Tuld: I’m here for one reason and one reason alone. I’m here to guess what the music might do a week, a month, a year from now. That’s it. Nothing more. And standing here tonight, I’m afraid that I don’t hear a thing. Just…silence.
Tuld: So, now that we know the music has stopped, what can we do about it?
The “music” Tuld hears is not the market, but the models that underpin the participants’ ability to trade inside that market. When those models can no longer interpret a workable reality for the trading desks, markets seize up, and asset prices go into freefall. Survival then depends not on moral virtue or predictive certainty, but on the willingness to act decisively once inherited representations have failed.
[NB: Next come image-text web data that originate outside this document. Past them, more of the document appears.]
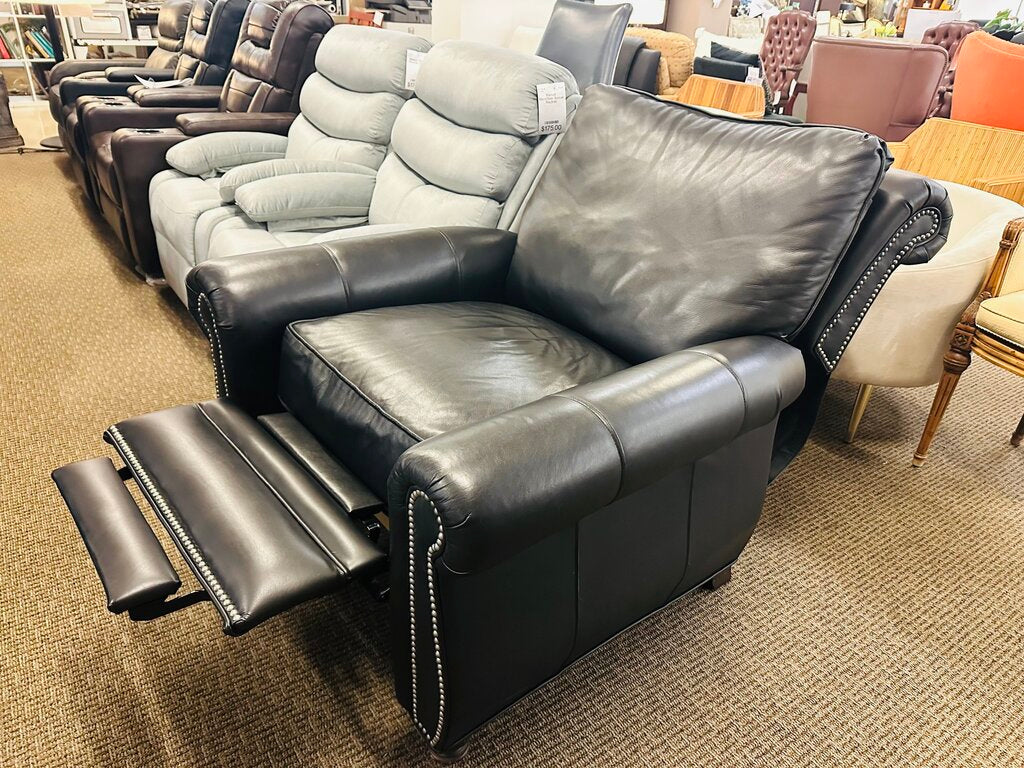 Studded Leather Recliner Chair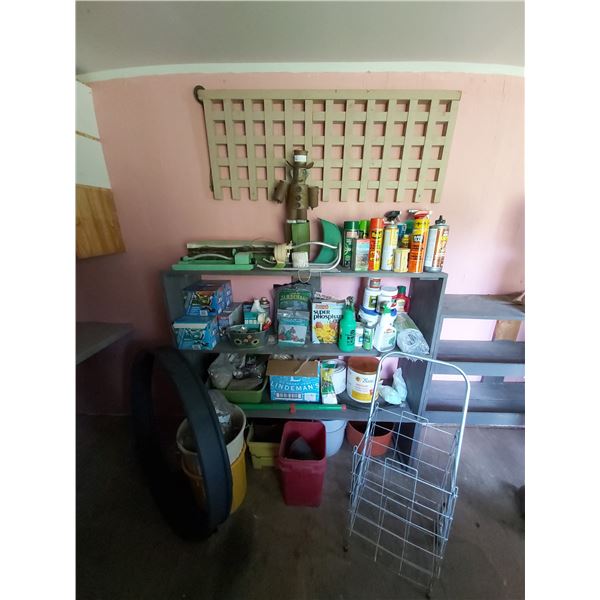 Tin Can Man, Assorted Garden Supplies & Chemicals, Sprinklers, Folding Fence & More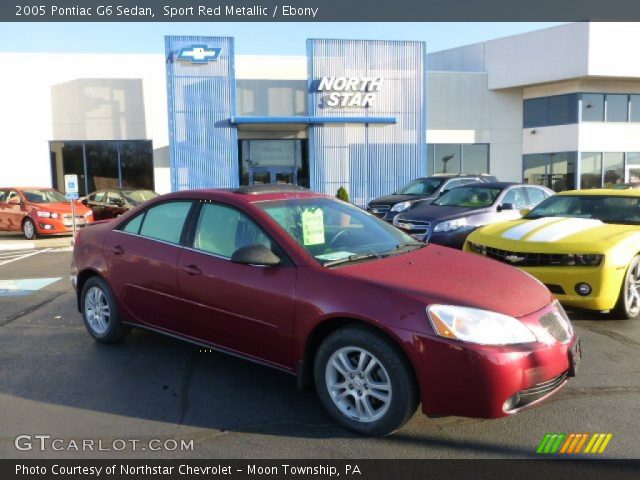 2005 Pontiac G6 Sedan in Sport Red Metallic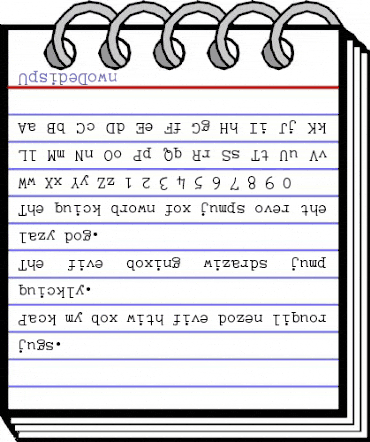 UpsideDown Regular animated font preview UpsideDown Regular animated font preview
In real life, this insight was institutionalized rather than improvised by those far-sighted enough to plan for it. At Bridgewater, Ray Dalio designed systems around the recognition that patterns recur across history, even when timing cannot be predicted. Both Dalio and Peter Turchin converge on the same conclusion as the fictional John Tuld: complex systems fail in recognizable ways, but never on schedule.
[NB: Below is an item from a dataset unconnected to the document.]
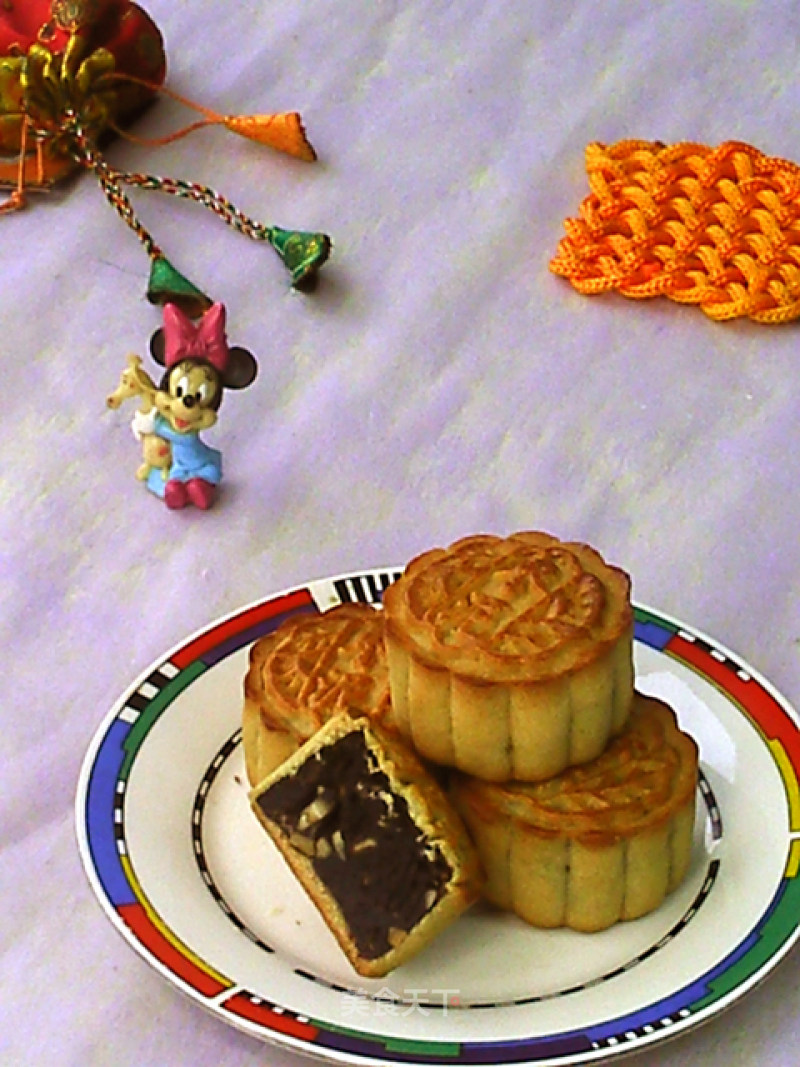 枣泥核桃月饼的做法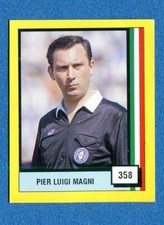 THE GREAT FOOTBALL '90 Vallardi-Figure-Sticker No. 358 - MAGNI - REFEREE - New picture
In Margin Call, Tuld’s brutal reassertion of representational authority occurs just in time to save the institution. In history, that timing is often missed. As I argued in Strategic Blindness, French political and military leadership in 1940 possessed ample information but failed to replace a collapsing framework quickly enough to act. By the time the rupture was acknowledged, there was no time to implement more adaptive ones: the window for response had closed.

This is the hinge between institutional survival and collapse: not knowledge, but orientation. In times of crisis there must be rapid re-orientation under extreme duress.
How Entire Societies Lose Their Grip on Reality
Every stable social order relies on model compression: shared ways of simplifying an overwhelmingly complex world into forms that allow coordination and action at scale.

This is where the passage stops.